Top of Material provided

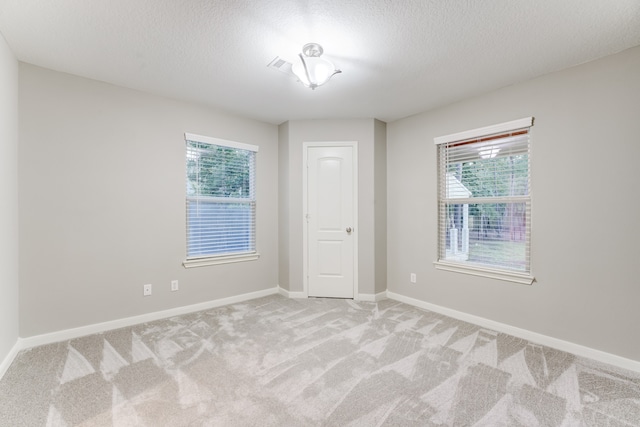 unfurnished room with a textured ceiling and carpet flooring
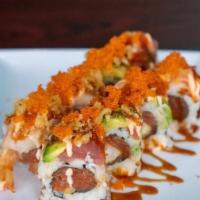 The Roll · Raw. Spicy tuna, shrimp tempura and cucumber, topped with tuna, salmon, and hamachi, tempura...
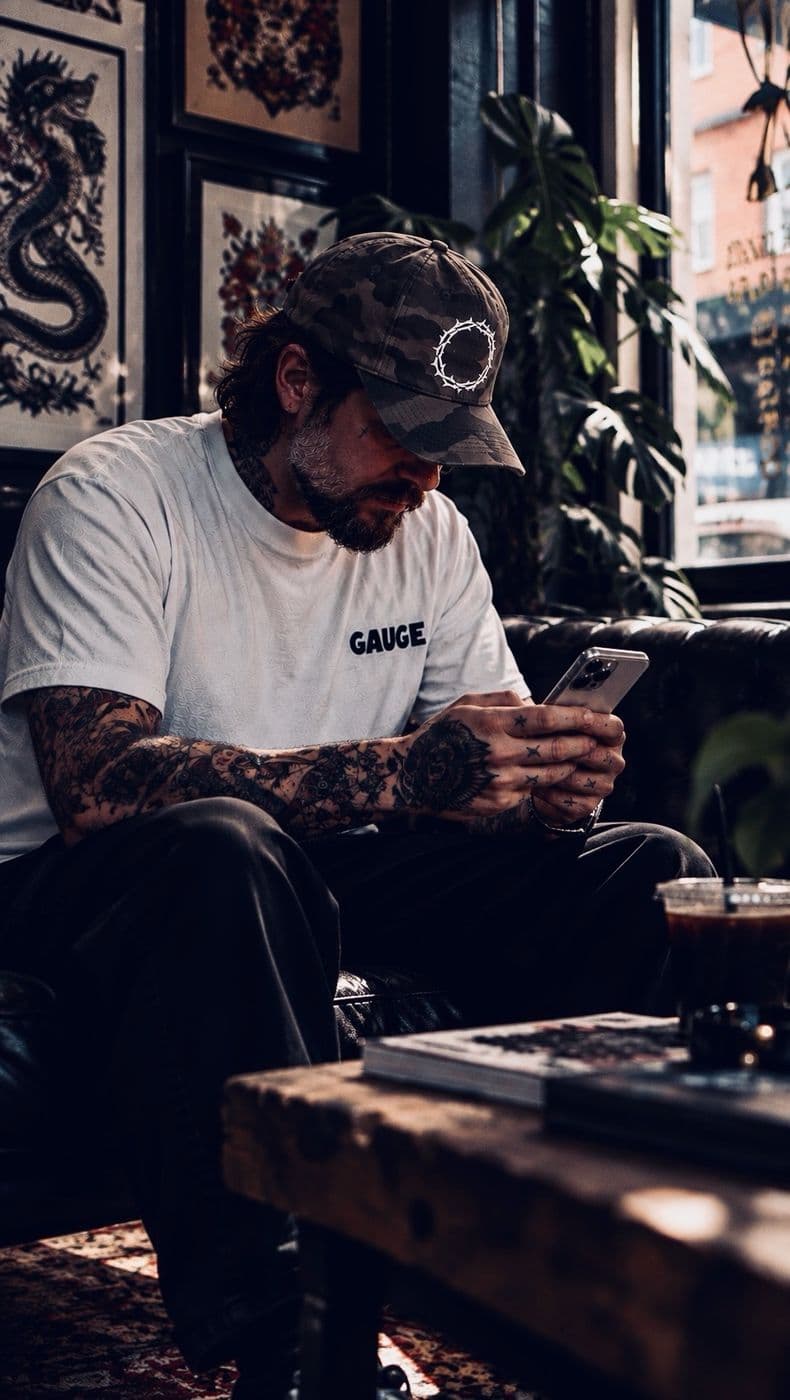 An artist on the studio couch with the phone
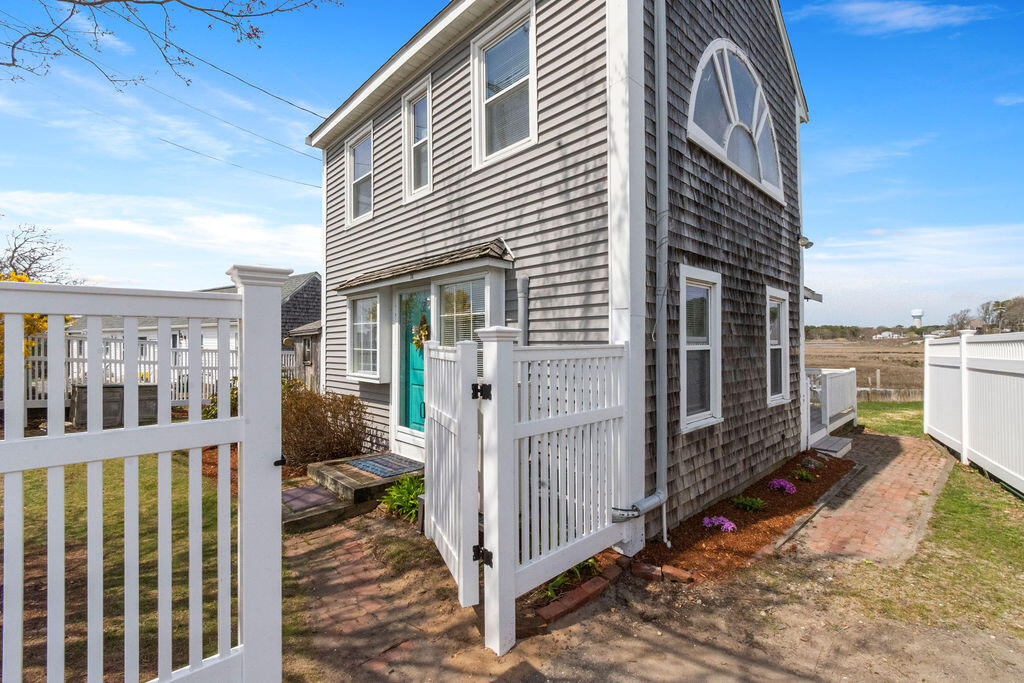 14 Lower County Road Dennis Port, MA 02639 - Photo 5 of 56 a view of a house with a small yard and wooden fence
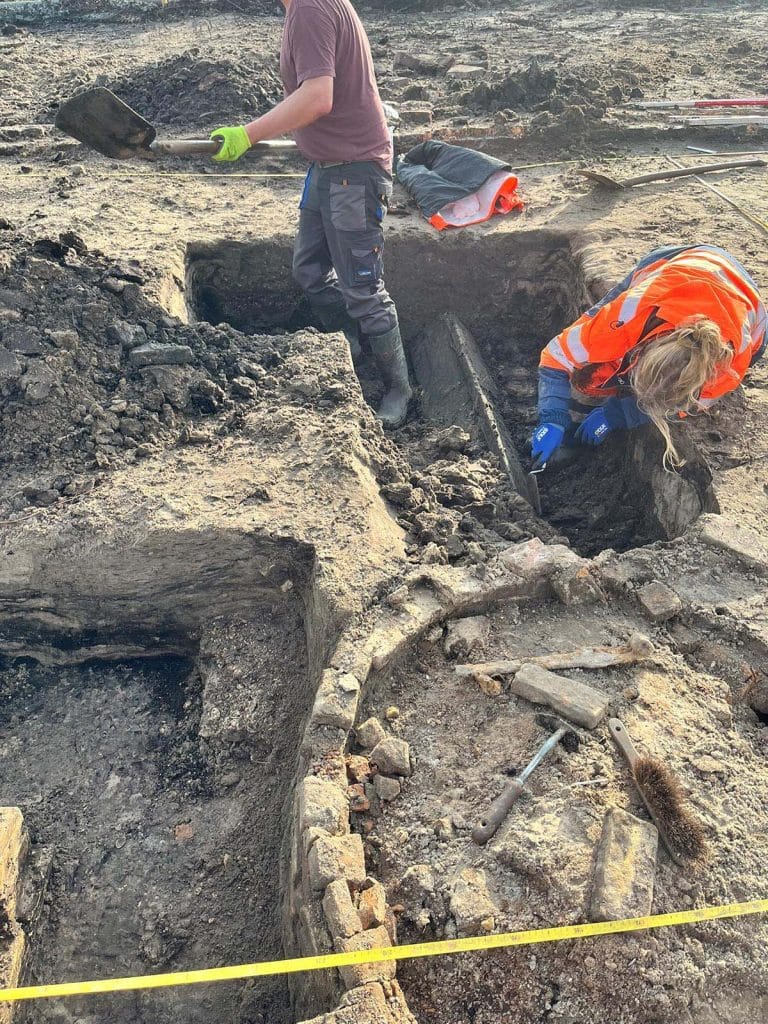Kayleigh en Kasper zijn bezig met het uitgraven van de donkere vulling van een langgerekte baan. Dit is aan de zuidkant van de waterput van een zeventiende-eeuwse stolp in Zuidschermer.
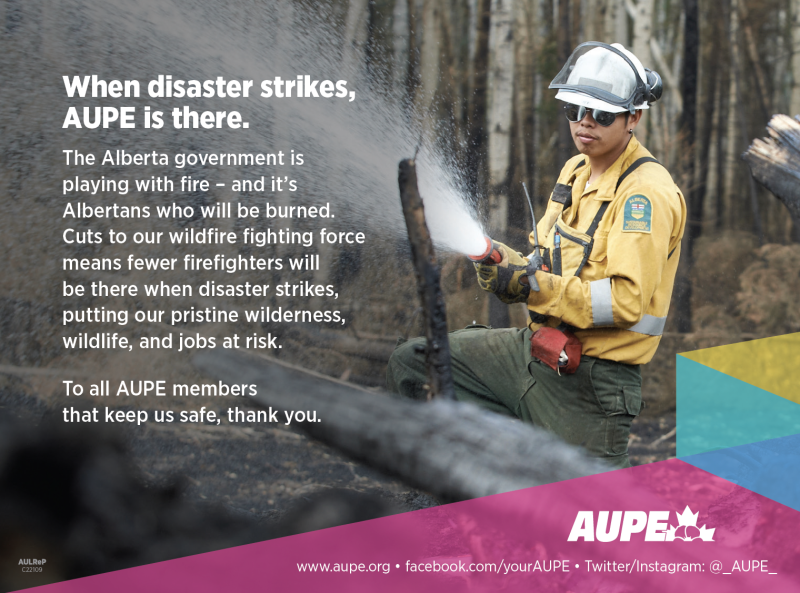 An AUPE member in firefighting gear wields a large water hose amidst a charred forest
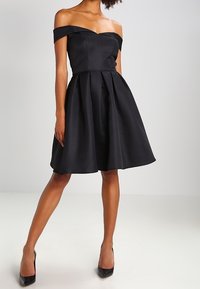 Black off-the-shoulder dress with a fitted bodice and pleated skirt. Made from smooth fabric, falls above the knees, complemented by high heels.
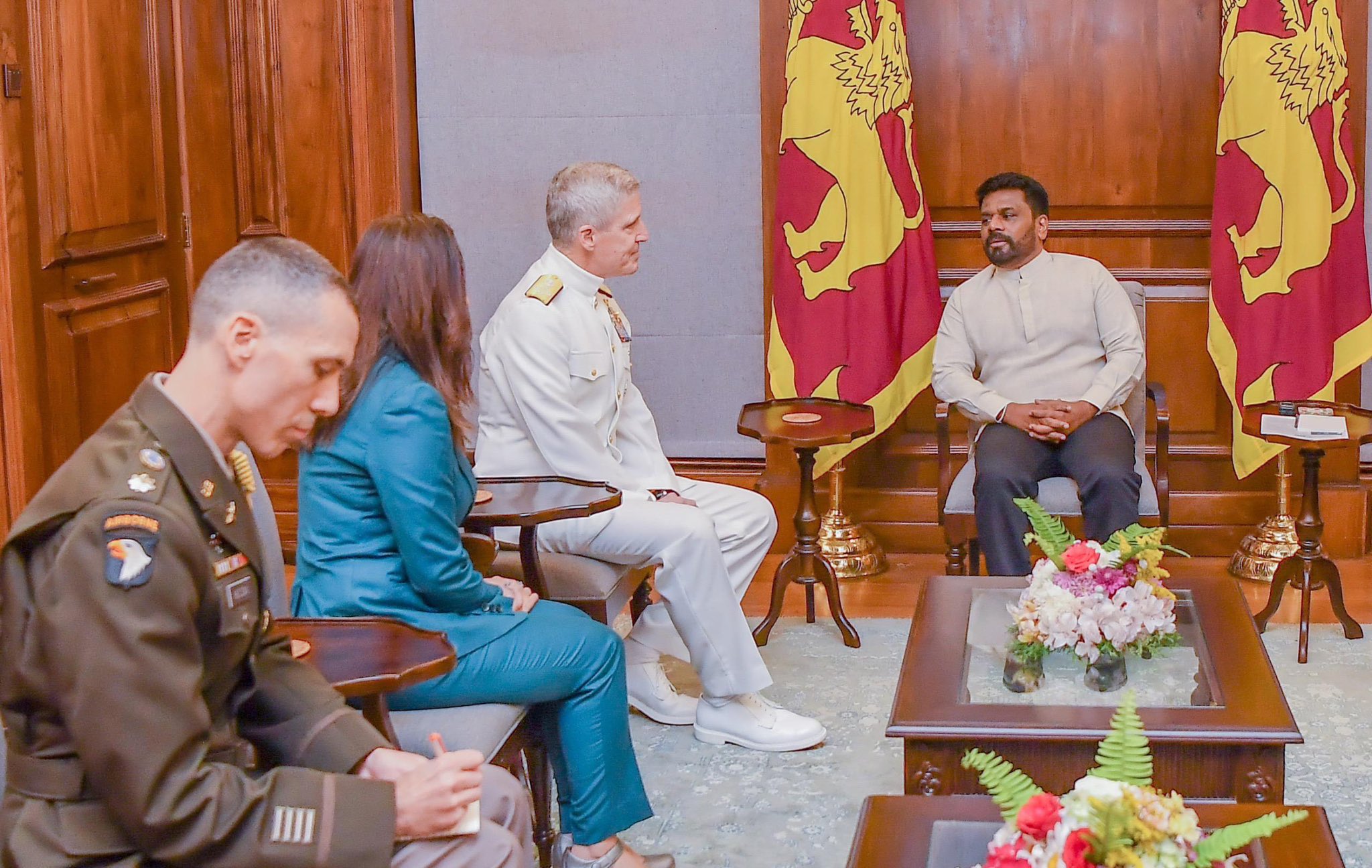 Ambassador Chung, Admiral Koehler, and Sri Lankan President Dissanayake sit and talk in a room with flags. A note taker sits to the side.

Bottom of Material provided

**About this task:**
Give exactly the lines above that run from the line with "An artist on the studio couch with the phone" to the line with "14 Lower County", both included, leaving every picture out.

**Answer to this problem:**
 An artist on the studio couch with the phone
 14 Lower County Road Dennis Port, MA 02639 - Photo 5 of 56 a view of a house with a small yard and wooden fence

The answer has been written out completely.